[commit: packages/containers] ghc-head: Improve {Map, Set}.fromDistinctAscList. (b518422)

git at git.haskell.org git at git.haskell.org
Fri Aug 30 13:33:46 CEST 2013


Repository : ssh://git@git.haskell.org/containers

On branch  : ghc-head
Link       : http://git.haskell.org/?p=packages/containers.git;a=commit;h=b51842247a149368f963fa1ab242d8eccfff63b6

>---------------------------------------------------------------

commit b51842247a149368f963fa1ab242d8eccfff63b6
Author: Milan Straka <fox at ucw.cz>
Date:   Thu Aug 30 17:28:49 2012 +0200

    Improve {Map,Set}.fromDistinctAscList.
    
    Benchmarks show 42% improvement for Map and 39% improvement for Set.
    
    The new implementation builds the map on the fly, without needing to
    know the number of elements in the list.
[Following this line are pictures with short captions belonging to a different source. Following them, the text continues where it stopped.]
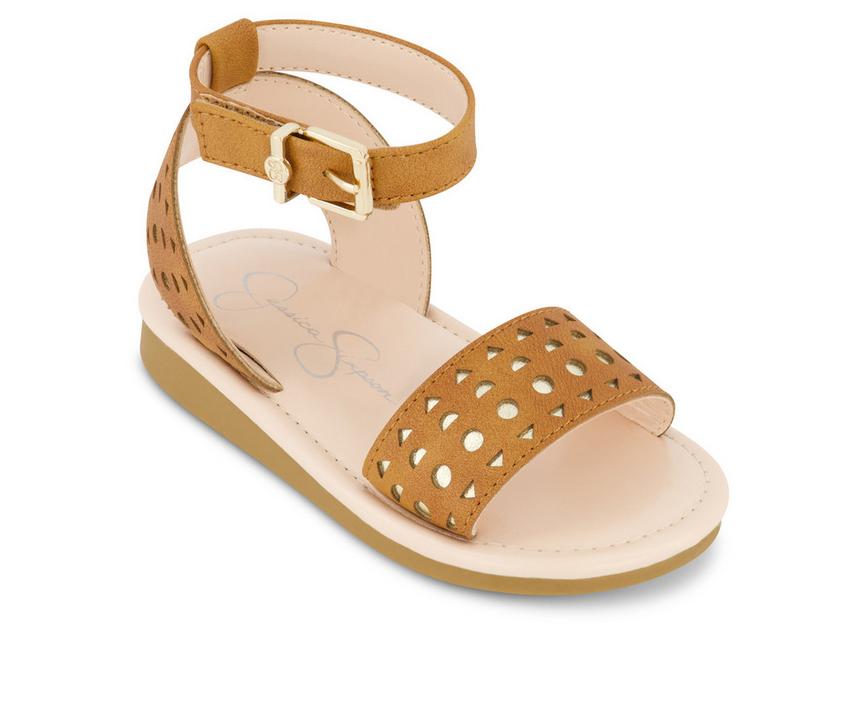 Girls' Jessica Simpson Toddler Janey Perf Sandals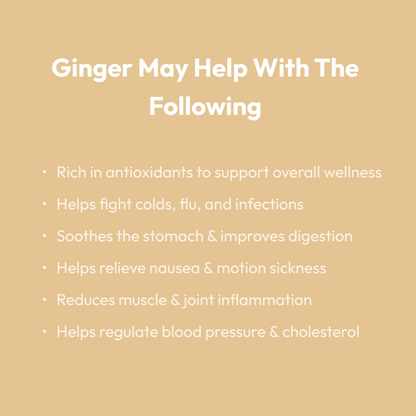 Ginger 500mg 60Caps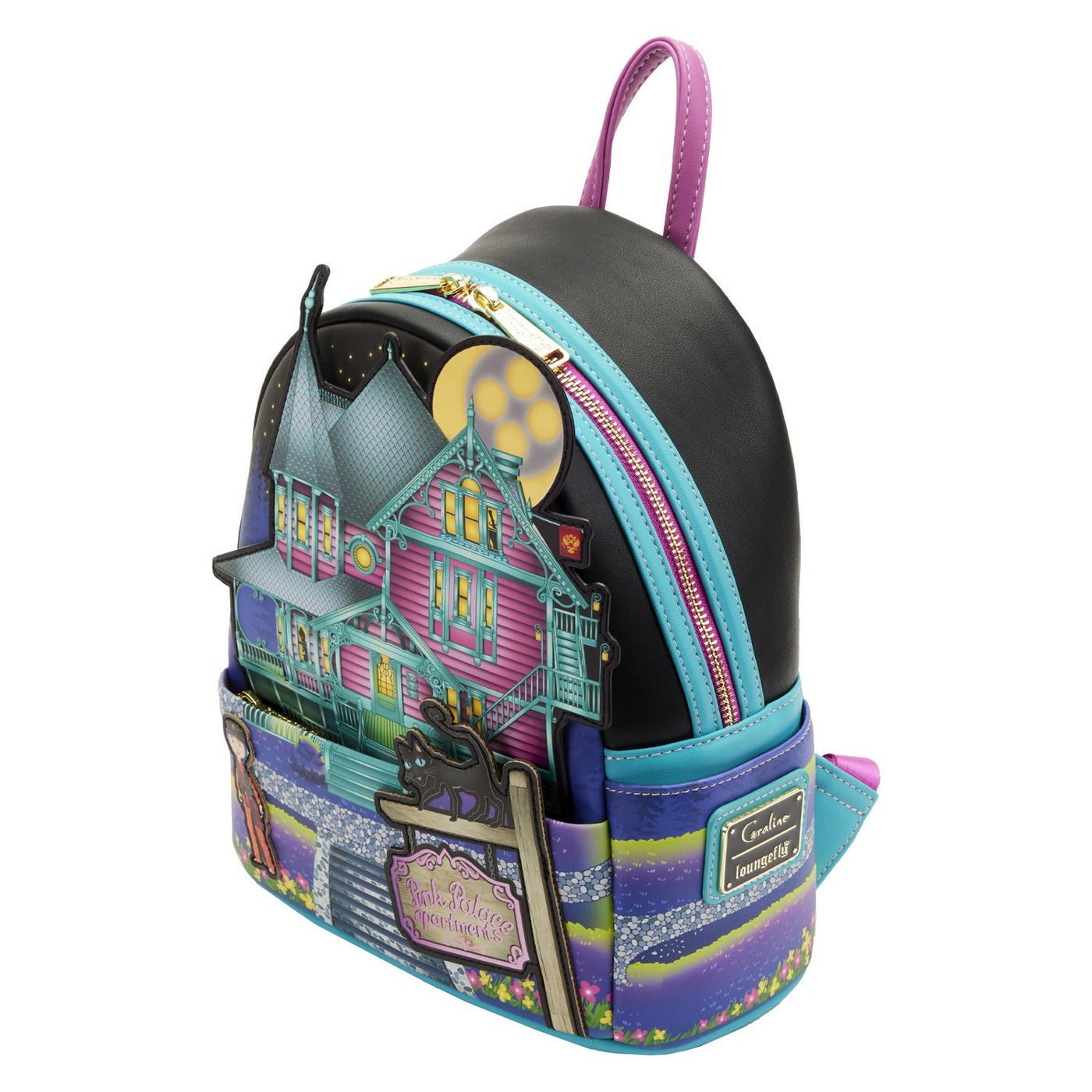 Loungefly Laika Coraline House Mini Backpack - Top View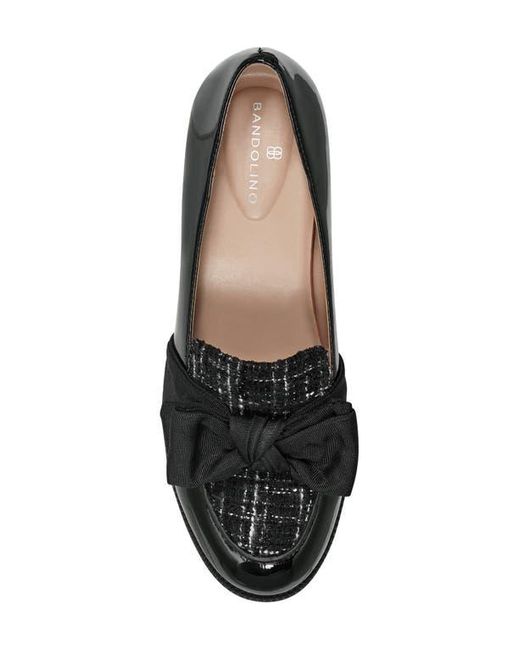 Bandolino Black Oidnil Bow Loafer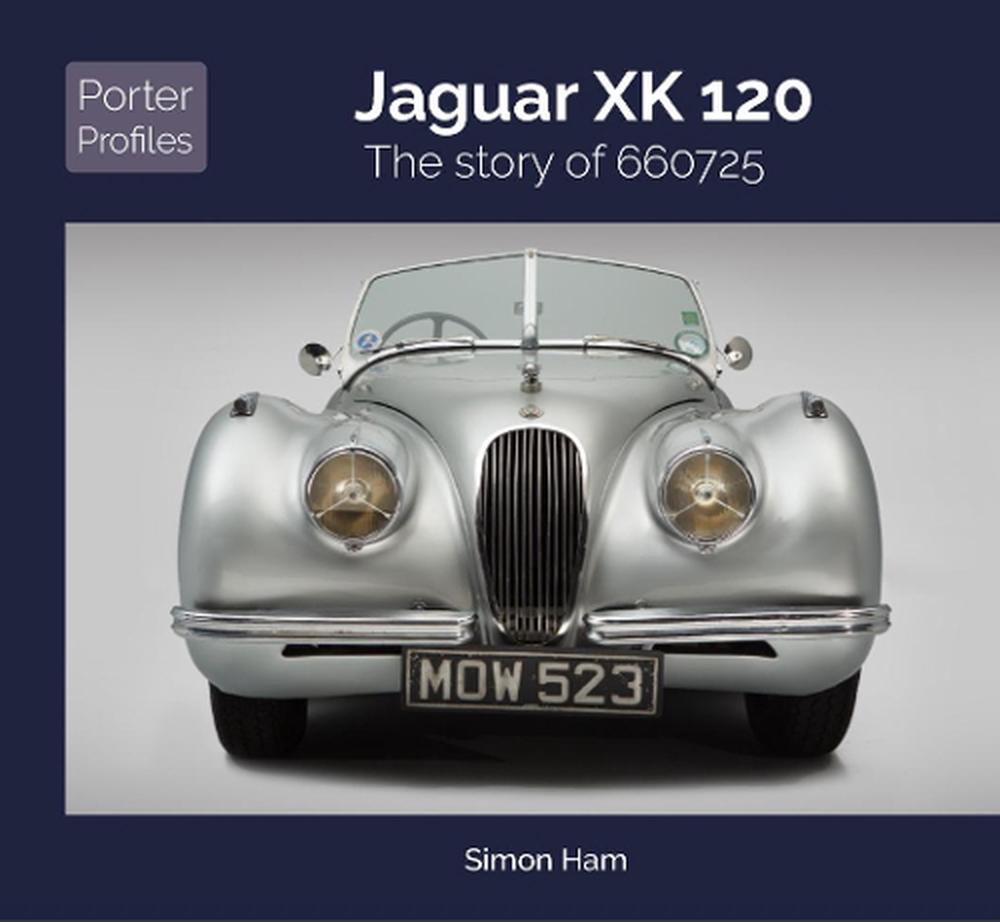 Jaguar XK120, 9781907085802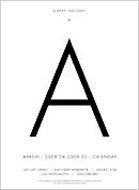 Johnny's School Calender: Arashi 2008-2009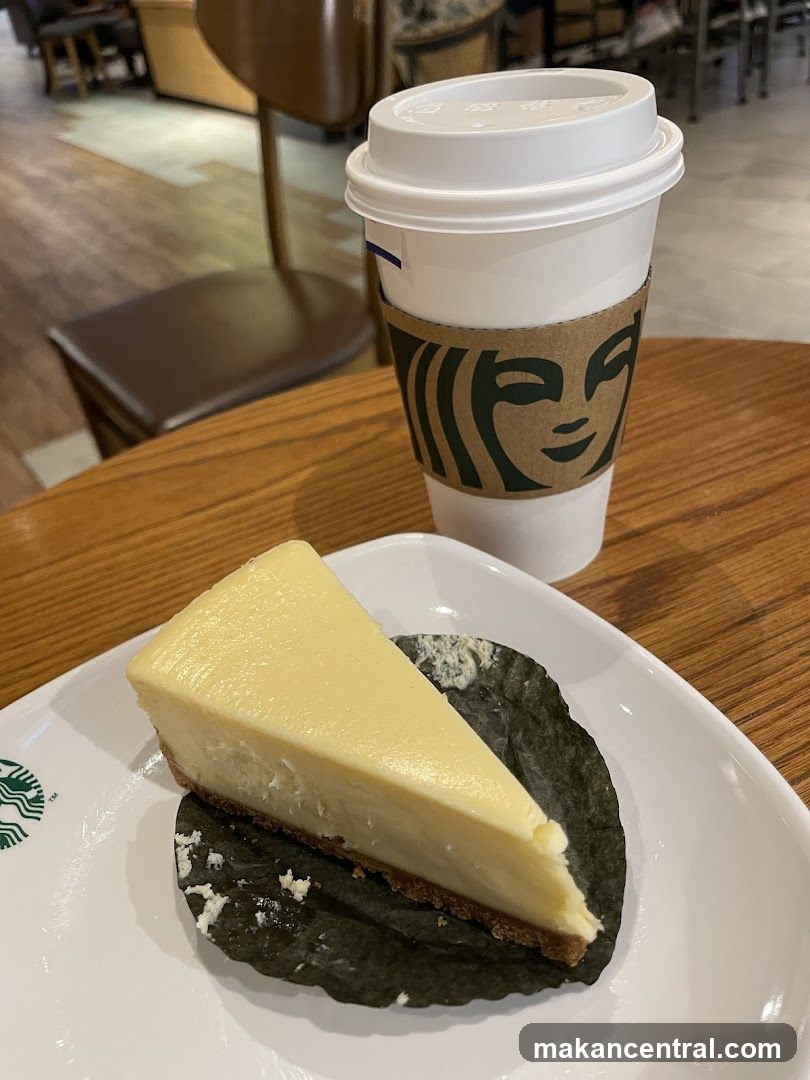 Cheesecake and Coffee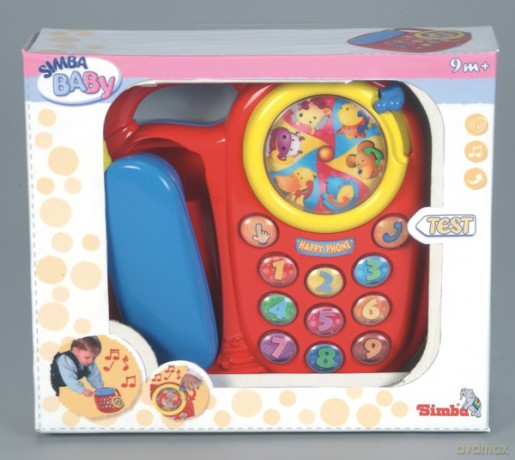 SIMBA ABC Muzyczny Telefon 104015447 [ZABAWKA]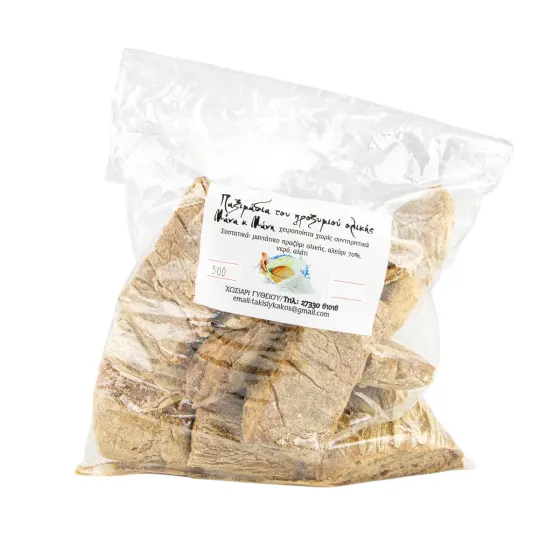 Παξιμάδι ολικής, Γυθείου, 300gr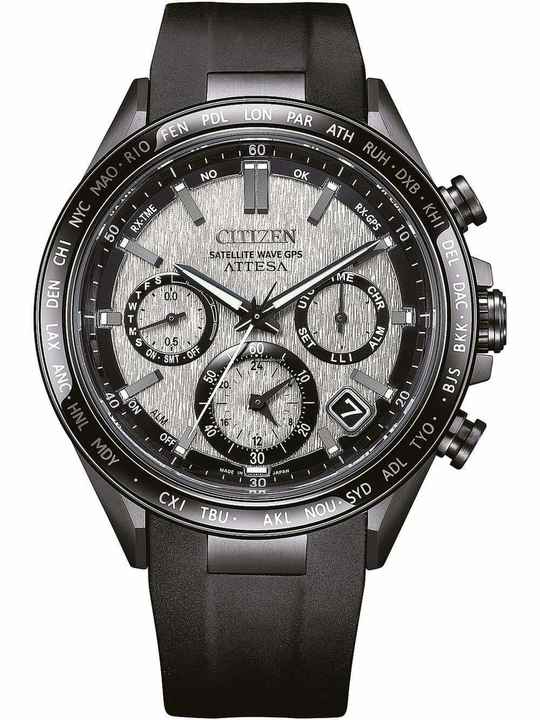  Citizen CC4055-14H Attesa Eco-Drive Satellite Wave GPS Chrono 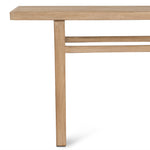 Zola 1.8m Elm Console Table - Natural Console Table Nasa-Core   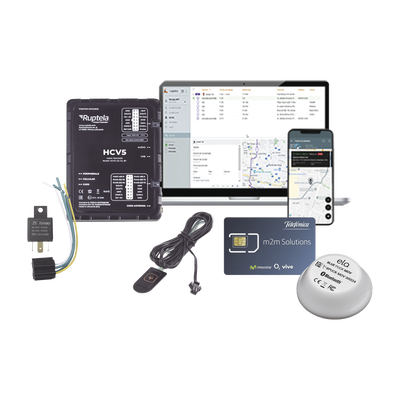 IoT / GPS / Telemática y Señalización Audiovisual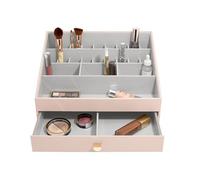 Stackers Blush Pink Supersize Makeup Organiser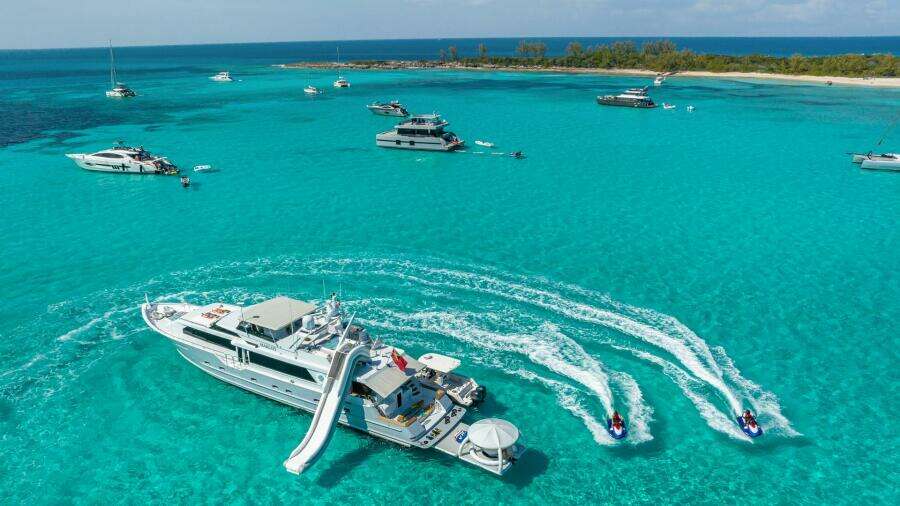 Margate 111ft Broward Yacht For Sale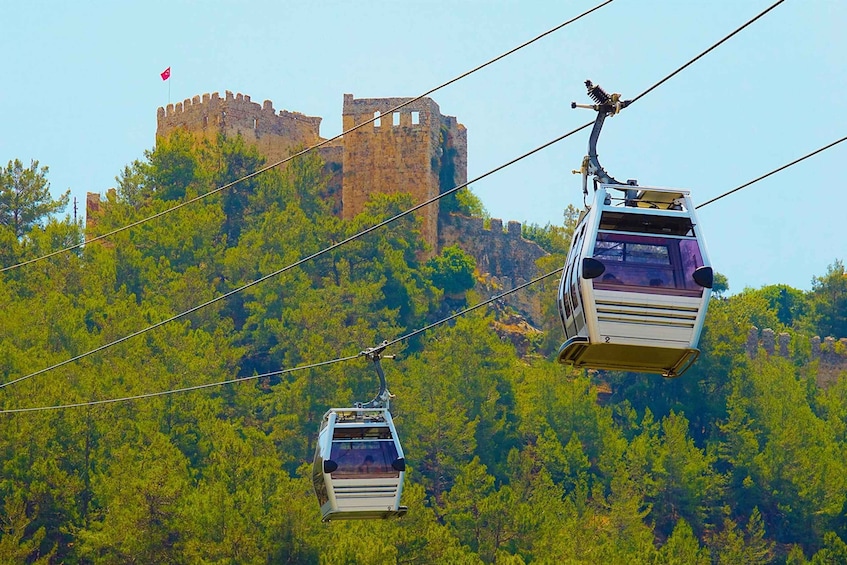 Alanya Sunset Tour: Castle Views & Cable Car Transfer opt 1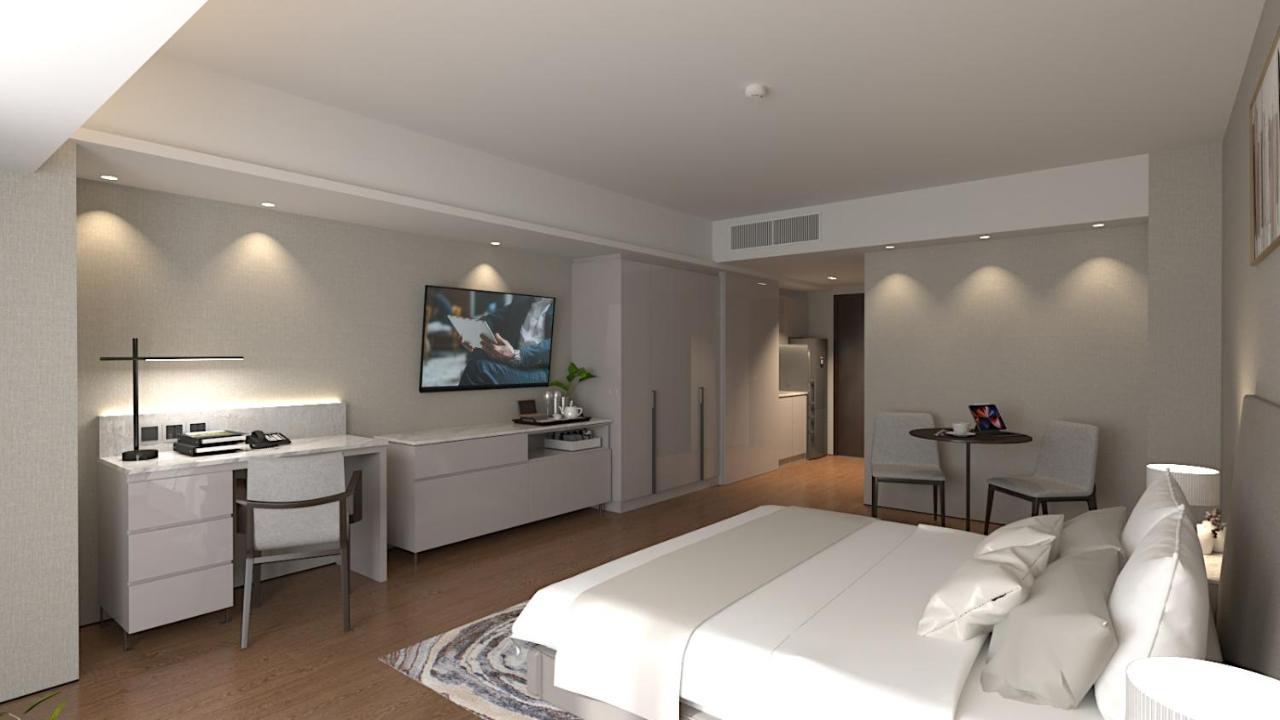 Отель Oakwood Makati Avenue Макати Экстерьер фото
It proceeds by building a map
    of size 2^1-1, 2^2-1, 2^3-1, .... When the input list is empty, there is
    at most log N trees left. These are joined from the smallest to the
    largest.


>---------------------------------------------------------------

b51842247a149368f963fa1ab242d8eccfff63b6
 Data/Map/Base.hs   |   34 ++++++++++++++++++----------------
 Data/Map/Strict.hs |   38 ++++++++++++++++++++------------------
 Data/Set/Base.hs   |   35 +++++++++++++++++++----------------
 3 files changed, 57 insertions(+), 50 deletions(-)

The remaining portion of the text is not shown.